[Start of section]
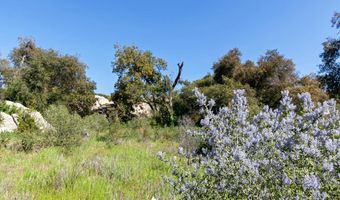 3890 GASKILL PEAK Rd, Alpine, CA 91901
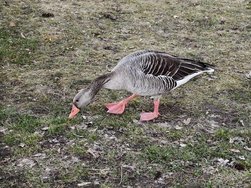 IMG_20250318_165956.jpg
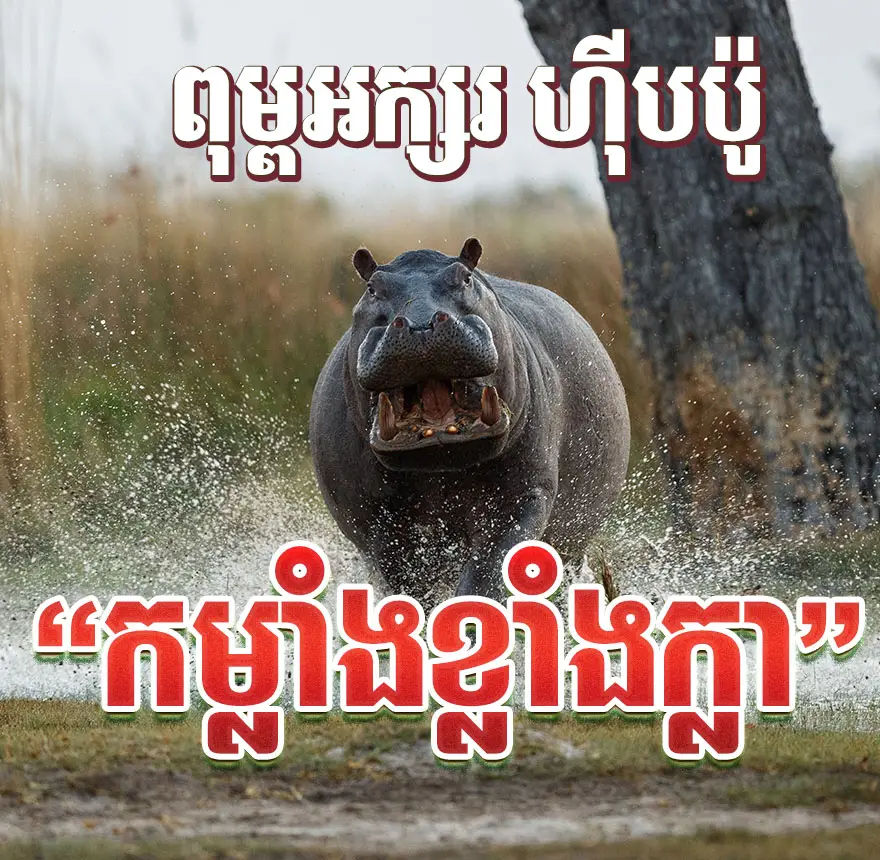 Khimsoft Hippo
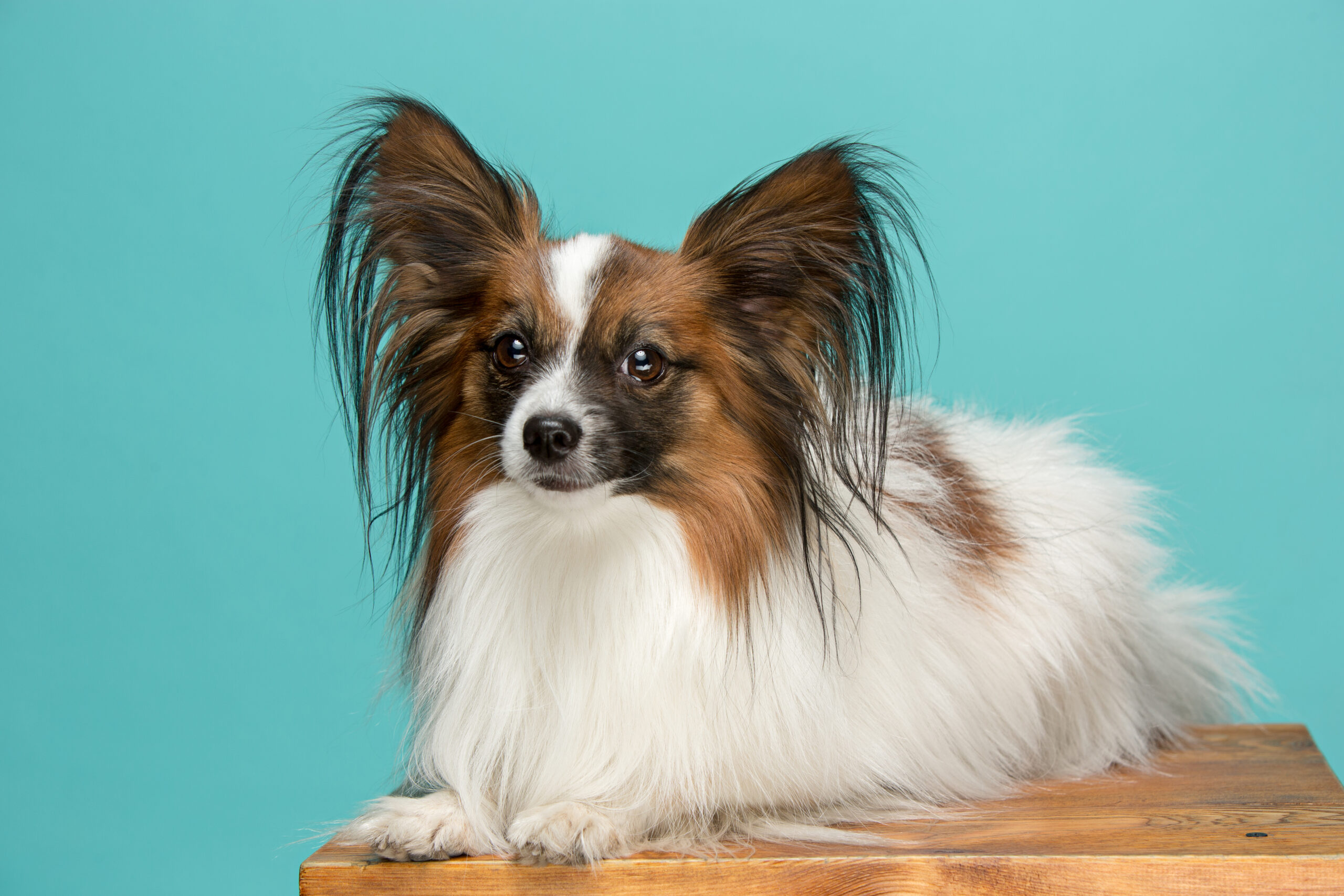 Studio portrait of a small yawning puppy Papillon on blue background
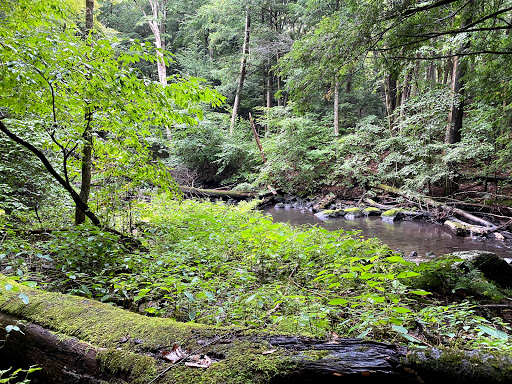 Nature Preserve «Mianus River Gorge Preserve», reviews and photos, 167 Mianus River Rd, Bedford, NY 10506, USA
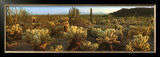 Buy Sonora at AllPosters.com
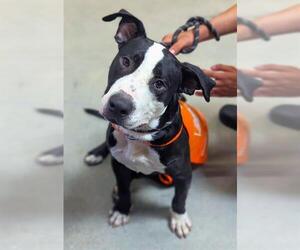 American Bulldog-Labrador Retriever Mix Dogs for adoption in Fort Lauderdale, FL, USA
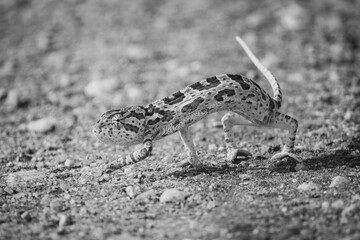 Mono flap-necked chameleon crosses road in sunshine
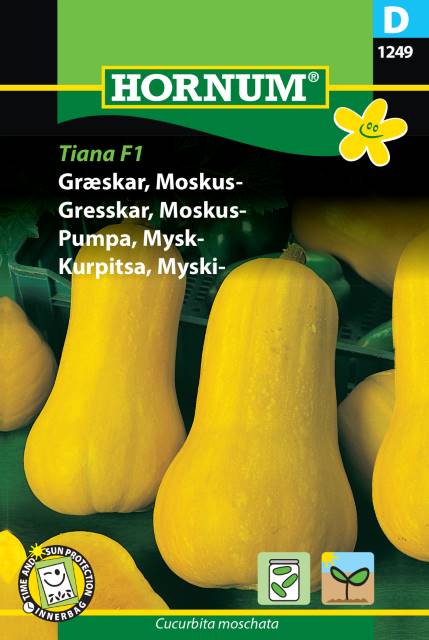 Myskpumpa (butternut) ’Tiana F1’, frö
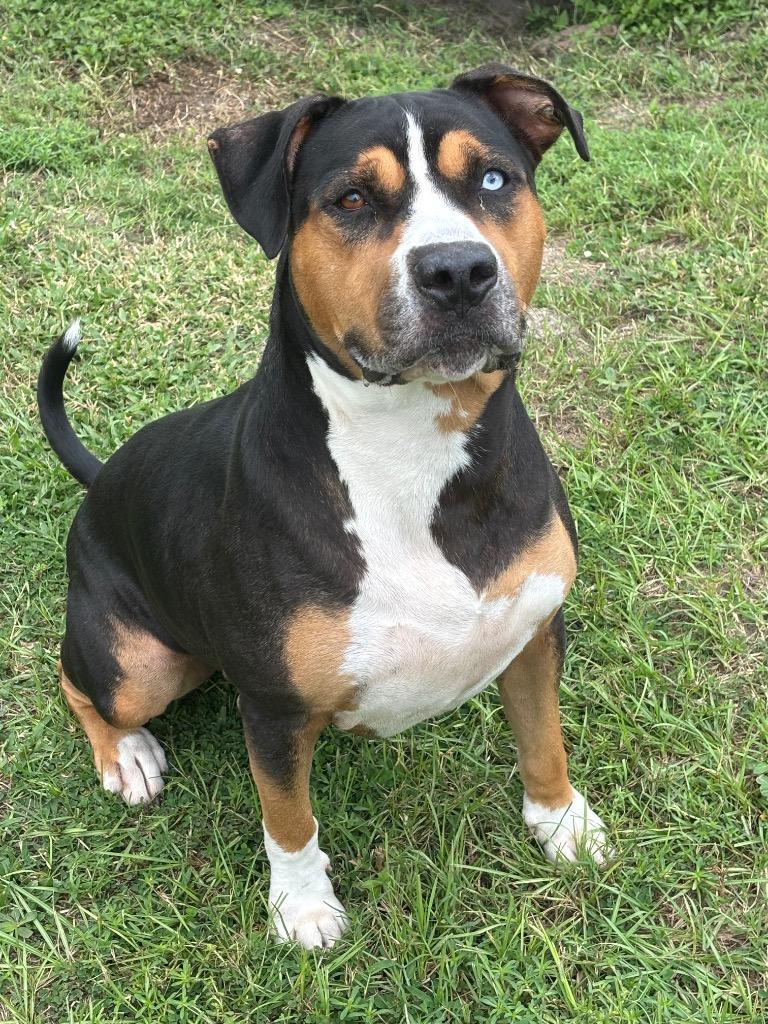 Enlarge Hoku, a Adoptable Mixed Breed in Ocala, FL image 3/4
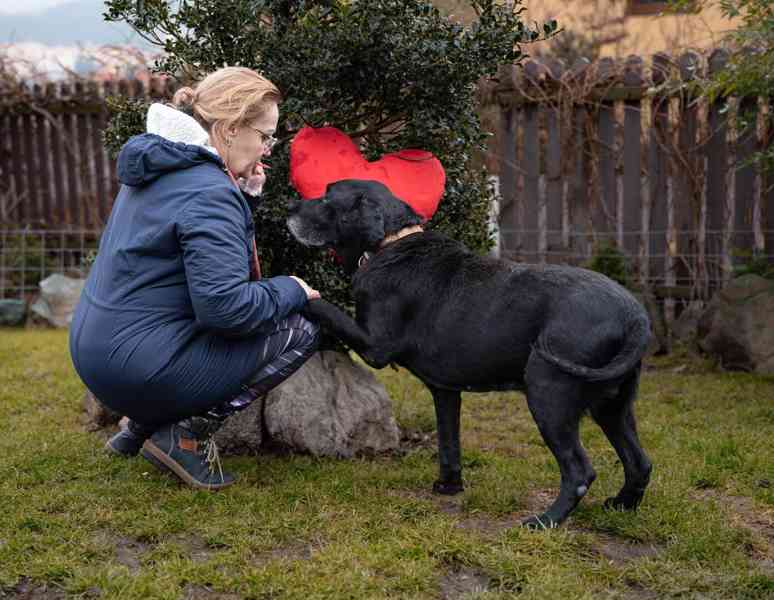 BUBÍ - Labrador 40 kg, kastrovaný psík 10 let - foto 2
[End of section]
▸ **WORK TO BE COMPLETED**
Please retype the data exactly. The pictures do not go in.

▸ **ANSWER TO THE EXERCISE**
 3890 GASKILL PEAK Rd, Alpine, CA 91901
 IMG_20250318_165956.jpg
 Khimsoft Hippo
 Studio portrait of a small yawning puppy Papillon on blue background
 Nature Preserve «Mianus River Gorge Preserve», reviews and photos, 167 Mianus River Rd, Bedford, NY 10506, USA
 Buy Sonora at AllPosters.com
 American Bulldog-Labrador Retriever Mix Dogs for adoption in Fort Lauderdale, FL, USA
 Mono flap-necked chameleon crosses road in sunshine
 Myskpumpa (butternut) ’Tiana F1’, frö
 Enlarge Hoku, a Adoptable Mixed Breed in Ocala, FL image 3/4
 BUBÍ - Labrador 40 kg, kastrovaný psík 10 let - foto 2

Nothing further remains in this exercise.